‘Lunana : A Yak in the Classroom’ est un très joli petit film, devant lequel on passe un excellent moment. Premier film bhoutanais que je vois et premier film bhoutanais nommé à l’Oscar du meilleur, Pawo Choyning Dorji signe un film sensible et émouvant.
Ugyen a terminé quatre de ses cinq années obligatoires de formation en tant qu'enseignant pour le gouvernement. Cependant, il n'aime pas enseigner et souhaite déménager en Australie pour devenir chanteur. Lorsqu'il est chargé d'enseigner dans le village de montagne isolé de Lunana, il envisage de quitter son emploi, mais sa grand-mère le presse de terminer son devoir d'enseignant. Il décide d'accepter la mission et quitte la ville.
Bien sûr, sa nouvelle vie sera un choc. Le village vit coupé du monde, à peine relié à la civilisation par trois ânes qui acheminent de temps à autre des marchandises. Pawo Choyning Dorji fait le choix de la comédie des contraires, comme l’avait fait en leur temps Toledano et Nakache avec ‘Intouchables’. La recette pourrait être usée mais ici cela fonctionne bien. Cette mission sera l’occasion pour le héros d’une réflexion spirituelle.
Ce film est bien sur un documentaire pour ceux (comme moi) qui connaissent peu ou mal ce pays d’Asie. Bien que peu peuplé (788000 habitants en 2022), une scission sépare la société. Il y a les Bhoutanais des villes qui vivent en plein dans la mondialisation, qui rêvent de partir en Australie et qui parlent en anglais. A l’opposé, il y a les rats des champs qui vivent coupés du monde en hivers, et à peine moins l’été. Ils cultivent le blé, élèvent des yacks, perpétuent les traditions et les rites. C’est un monde plus lent, qui s’oppose à un mode de vie plus accéléré. Mais pour combien de temps ? Car cet enseignant est justement le représentant, hors de ce village et qui poussera peut-être ses élèves hors de ce monde.
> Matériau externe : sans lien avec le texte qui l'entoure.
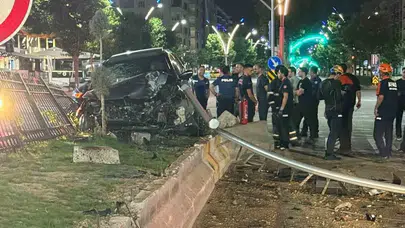Batman valilik kavşağında korkutan kaza: 3 kişi hastanelik oldu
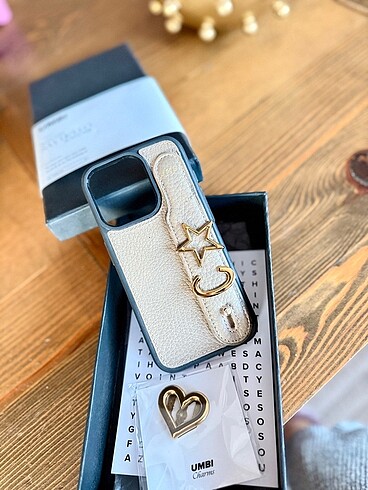 Umbi iPhone kılıfı en aranan renk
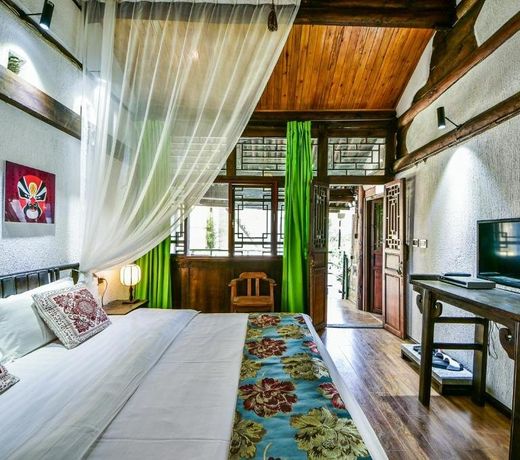 DALI AUGUST INN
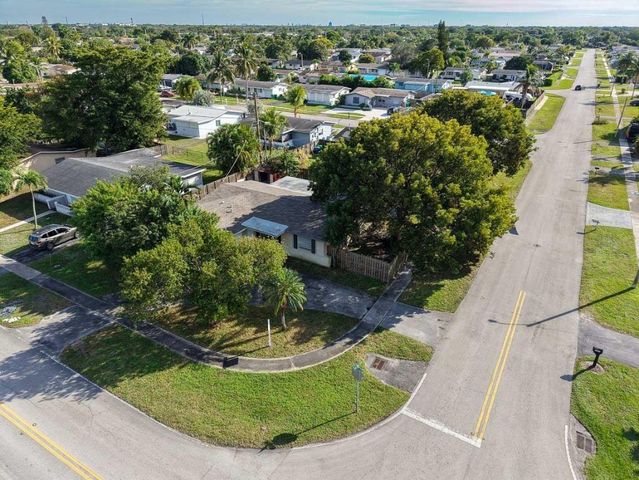 9370 NW 25th Court, Sunrise, FL 33322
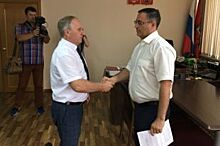 Кандидат в губернаторы от КПРФ Максим Амелин сдал подписи в избирком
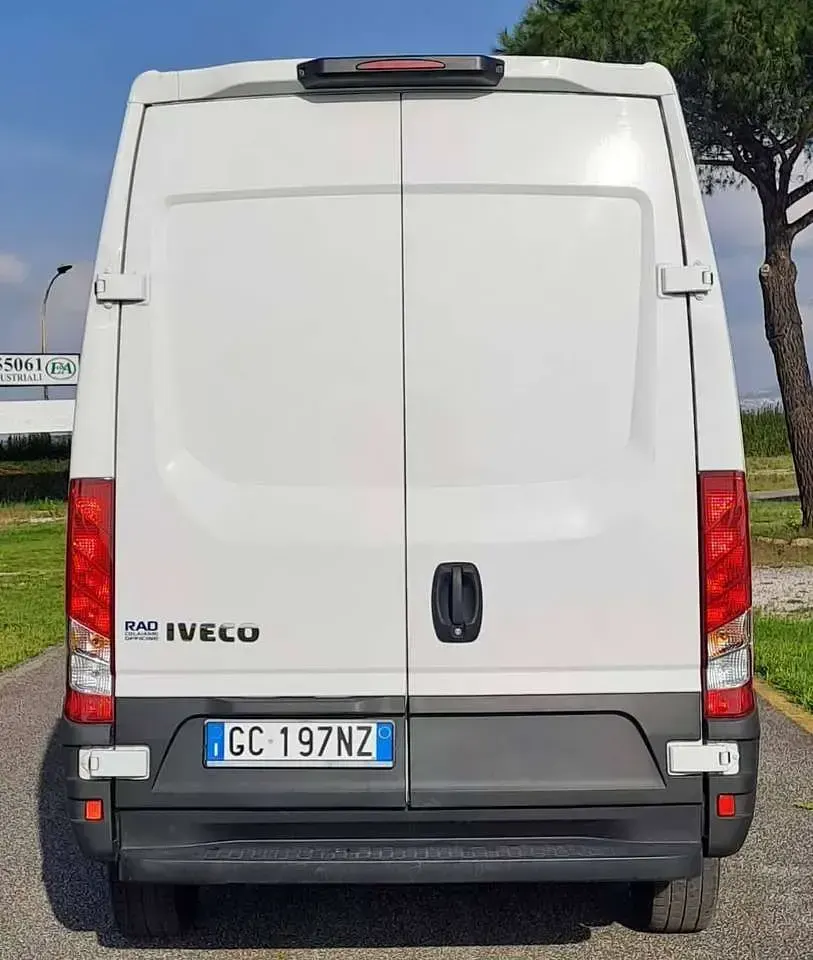 Usata Iveco 35.12 120 CV (88 kW) 2020 Bianco Furgone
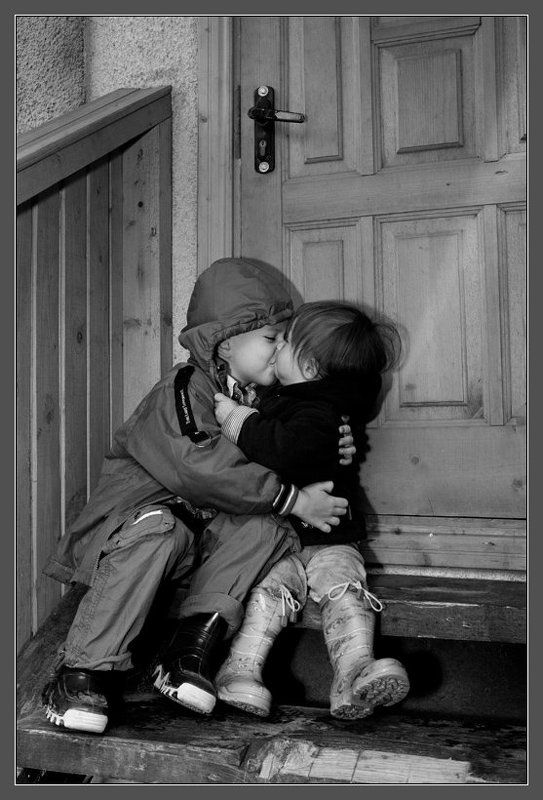 дети любовь поцелуй Детская любовь.photo preview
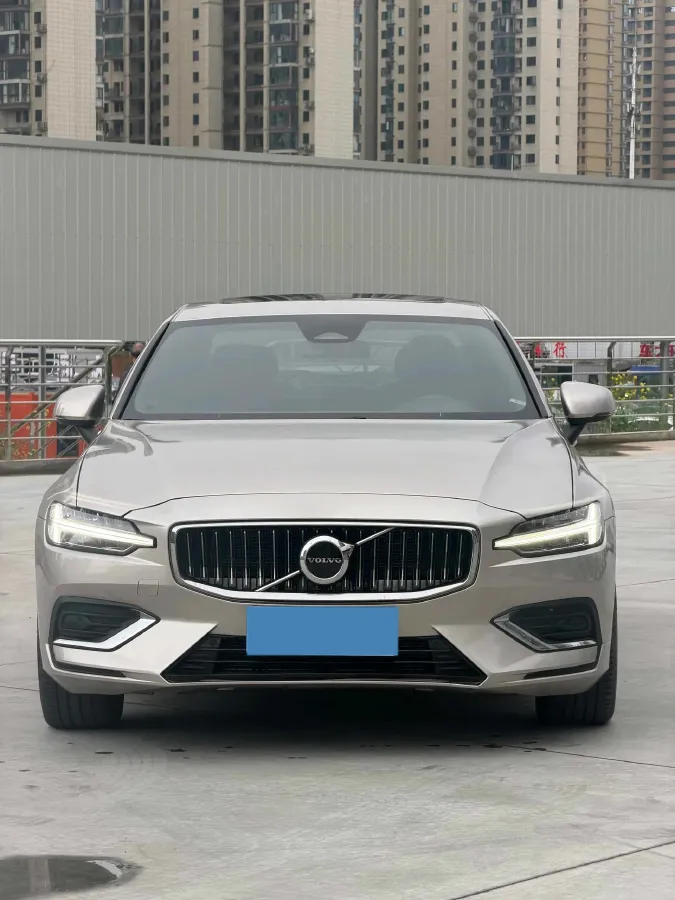 2023 Volvo S60 2.0T 197HP L4 7DCT,autocango,china used car exporter,china ev exporter,chinese used car exporter,chinese used ev exporter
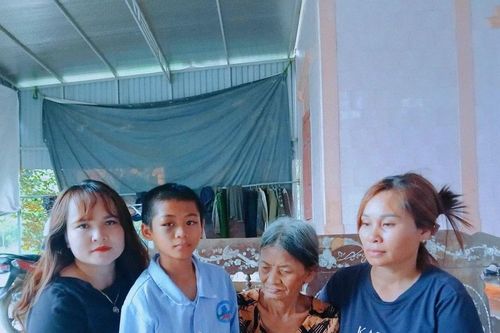 'Cánh én hồng' và hành trình thiện nguyện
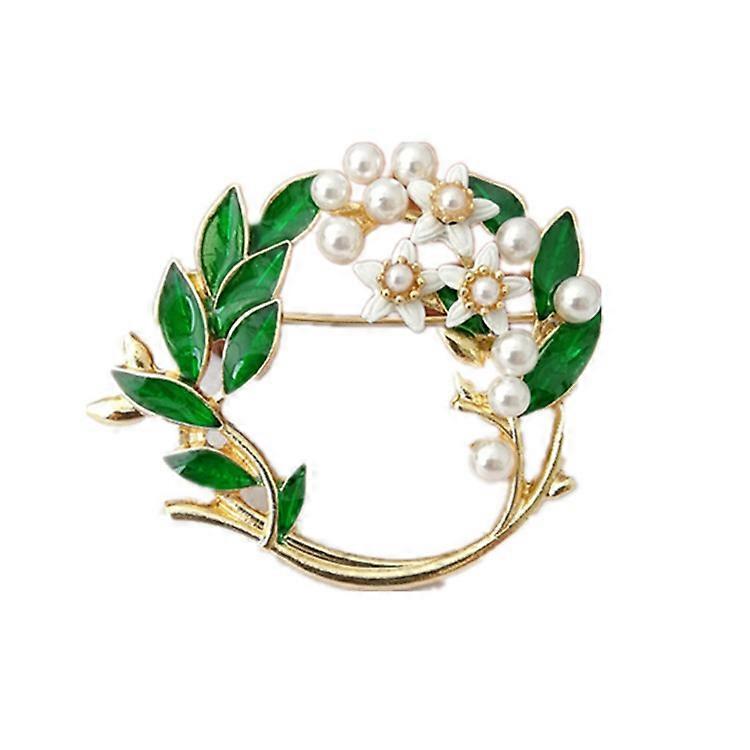 Leaf Women's Chest Brooch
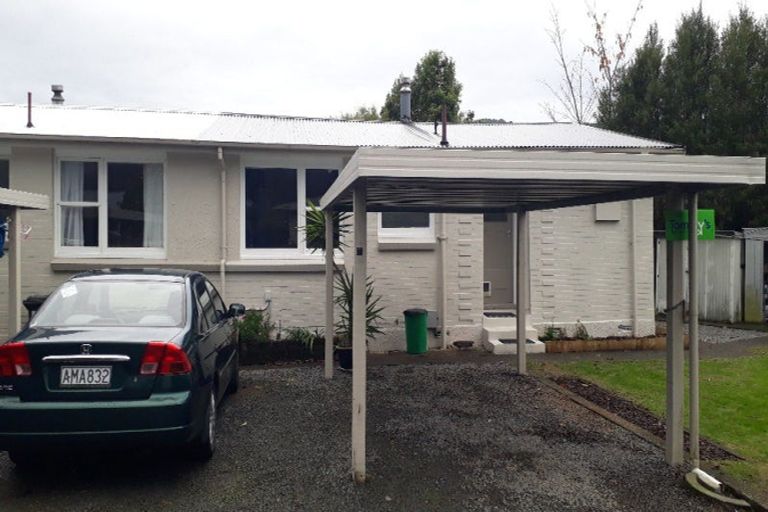 Photo of property in 2/121 Clouston Park Road, Clouston Park, Upper Hutt, 5018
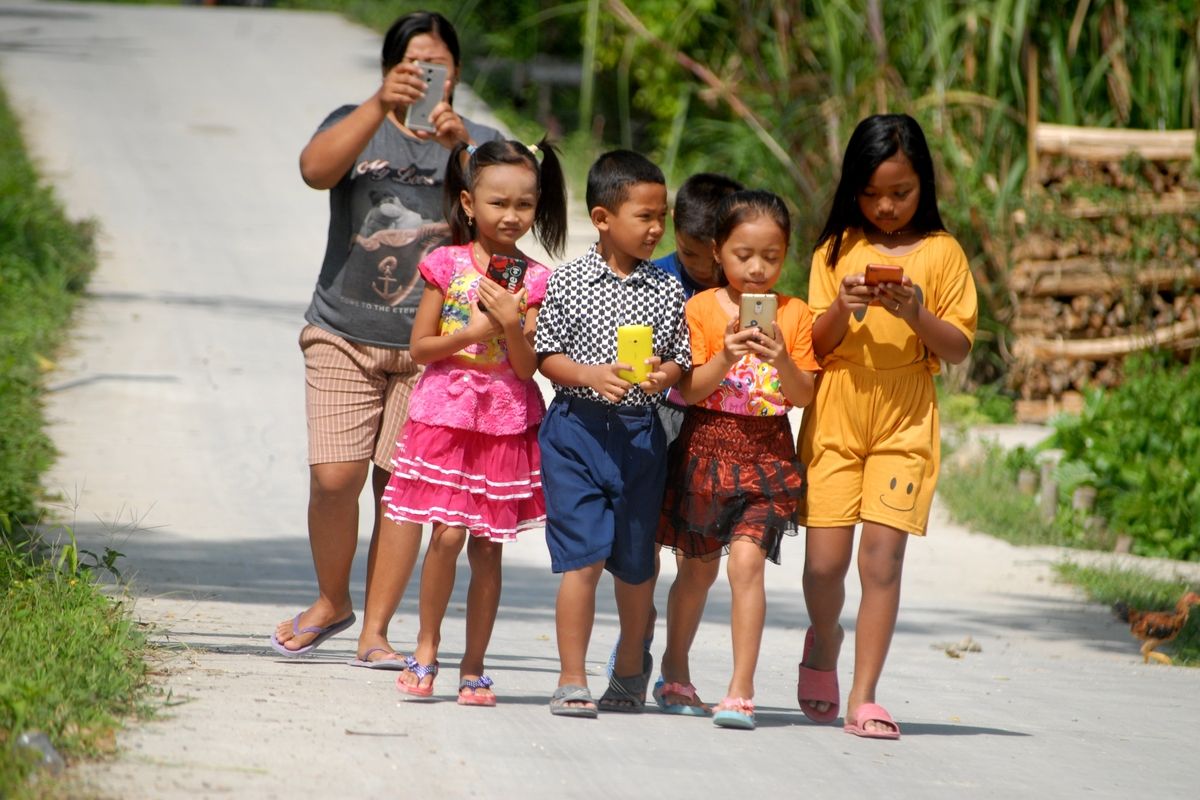 Para pelajar Sekolah Dasar (SD) di Desa Suwatu, Kecamatan Gabus, Kabupaten Grobogan, Jawa Tengah berburu sinyal internet di puncak perbukitan setempat, Selasa (2/6/2020).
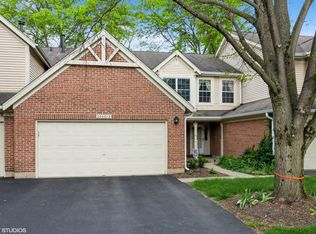 30W012 Laurel Ct, Warrenville, IL 60555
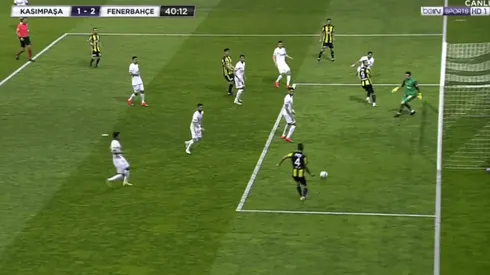 El gol anulado a Mauricio Isla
Ce film rappelle à certains égards (pas tous) le chef-d’œuvre de Francesco Rosi ‘Le Christ s’est arrêté à Eboli’. Ici, l’exil n’est pas politique mais il est contraint par l’Etat. Il découvre un milieu de vie qui est loin du sien, s’y familiarise. Mais surtout, les fins sont assez similaires. Les deux hommes repartiront chez eux, malgré s’être assimilé. Les gaps culturels, sociaux sont trop forts pour que l’assimilation soit totale. Une scène très forte entre Ugyen et le chef du village vient rappeler la différence de mentalité. Le chef du village reproche au jeune professeur de quitter le Bhoutan pour l’Australie alors que le Bhoutan est le pays du ‘Bonheur national brut’. Il y a les sédentaires quasi-autarciques et les nomades mondialisés.
Très bien interprété, ‘Lunana : A Yak in the Classroom’ est un très joli film, modeste, émouvant et qui vaut franchement le détour. Et puis on ne voit pas un film bhoutanais tous les jours.